Three Ways Marketers Can Innovate In Times Of Uncertainty

Sep 15, 2020

Mike Rowan, President, Founder @KPItarget

This article originally appeared on

Remember those days when the biggest challenge marketers faced was figuring out how to cut through all of the noise?

Let’s face it, the economy has had a pretty good run for the past decade or so. Budgets were ample, businesses were growing and our biggest stressors were choosing the right CMS platform and speculating on when AI was going to steal our jobs.

Now, for the first time in years, we’re facing a slew of severe economic conditions, from pared-back budgets and reduced workforces to a general mood of anxiety and uncertainty — not to mention the pandemic itself. In times like these, marketers have a choice to make.

You can sit back, continue business as usual (or as close to “usual” as possible), cross your fingers and wait to see how the chips fall. Or, you can roll up your sleeves and find new ways to connect with your clients and help your brand shine during a difficult time.

But what does innovation look like during an economic downturn? It starts with the ability to pivot quickly, whether in your messaging or overall marketing strategy. Here are three ways that being agile can help your business excel in uncertain times.

 1. Adjust your offerings.

Consumers and businesses alike are faced with a whole new set of problems and challenges, most of which were not remotely anticipated. Can your company’s product or service offerings help solve any of these new problems?
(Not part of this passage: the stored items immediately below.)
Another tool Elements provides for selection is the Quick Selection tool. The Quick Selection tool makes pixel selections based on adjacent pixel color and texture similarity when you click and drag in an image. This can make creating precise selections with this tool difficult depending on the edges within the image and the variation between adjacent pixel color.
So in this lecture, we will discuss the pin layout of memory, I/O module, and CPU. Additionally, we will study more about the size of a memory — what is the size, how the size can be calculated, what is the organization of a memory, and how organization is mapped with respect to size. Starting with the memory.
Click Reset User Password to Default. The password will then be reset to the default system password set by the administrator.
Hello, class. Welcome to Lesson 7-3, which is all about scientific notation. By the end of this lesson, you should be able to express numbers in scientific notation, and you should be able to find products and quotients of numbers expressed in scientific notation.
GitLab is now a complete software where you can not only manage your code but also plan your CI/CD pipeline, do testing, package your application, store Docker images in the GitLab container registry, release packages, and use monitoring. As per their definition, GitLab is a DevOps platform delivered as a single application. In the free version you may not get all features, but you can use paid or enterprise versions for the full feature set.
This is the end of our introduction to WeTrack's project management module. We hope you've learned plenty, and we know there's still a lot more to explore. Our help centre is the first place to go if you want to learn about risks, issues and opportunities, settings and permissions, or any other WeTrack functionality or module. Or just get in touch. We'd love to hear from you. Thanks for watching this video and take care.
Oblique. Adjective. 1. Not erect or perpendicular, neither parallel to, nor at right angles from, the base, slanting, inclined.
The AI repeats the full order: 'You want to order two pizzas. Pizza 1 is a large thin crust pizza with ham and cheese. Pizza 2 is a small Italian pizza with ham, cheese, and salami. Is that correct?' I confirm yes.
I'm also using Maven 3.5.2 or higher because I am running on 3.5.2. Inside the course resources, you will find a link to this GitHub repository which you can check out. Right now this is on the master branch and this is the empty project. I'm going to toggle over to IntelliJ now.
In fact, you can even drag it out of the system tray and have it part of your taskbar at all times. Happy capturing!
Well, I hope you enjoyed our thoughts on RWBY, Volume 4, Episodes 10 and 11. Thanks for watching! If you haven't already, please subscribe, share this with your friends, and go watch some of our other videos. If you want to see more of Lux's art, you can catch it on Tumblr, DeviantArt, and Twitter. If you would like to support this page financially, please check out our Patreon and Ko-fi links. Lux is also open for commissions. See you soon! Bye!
Tailoring your offerings to the new landscape is not a move to make out of desperation. It will only be effective if your intentions come from a genuine desire to help make life a little bit easier for your customers during these challenging times.

Consider Zoom. Video conferencing is nothing new for the company, but offering educators free use of the platform with no time limit provides an effective and much-needed solution for homeschooling.

For a Fintech client with a financing network designed for small businesses, pivoting meant providing a streamlined online application for their paycheck protection program. Similarly, a POS company offered its restaurant clients a software solution for online ordering and curbside pickup that could help keep them in business.

In some cases, adjusting your offerings may mean introducing an entirely new product line. For example, a client who makes medical safety devices started producing face shields at their customers’ continued requests for desperately needed personal protective equipment. Likewise, a company that makes natural air fresheners ramped up the production of disinfectants to meet a need.

It may be a new use for a current product or an offering you’ve never considered before, but asking yourself what new problems you can solve is a good place to start.

2. Embrace empathy in your messaging.

Chances are, the messaging your team came up with two months ago is wildly inappropriate for the current times. And while all of us can agree that we could do without another “Covid-19 Response” email from any and every business we’ve ever come into contact with, you do need to acknowledge the times.

You’re obviously going to want to pull any messaging that alludes to travel or parties or pretty much anything that references “normal” life. It’s important to address the elephant in the room, in a real and genuine way, hence empathy. Put yourself in your audience’s shoes and recognize what they’re dealing with right now.

B2B clients are likely worried about budget cuts, heavy workloads and the looming possibility of having to lay off workers. On the flipside, B2C audiences may have been furloughed or anxious about losing their job. All of the above may be concerned about catching coronavirus.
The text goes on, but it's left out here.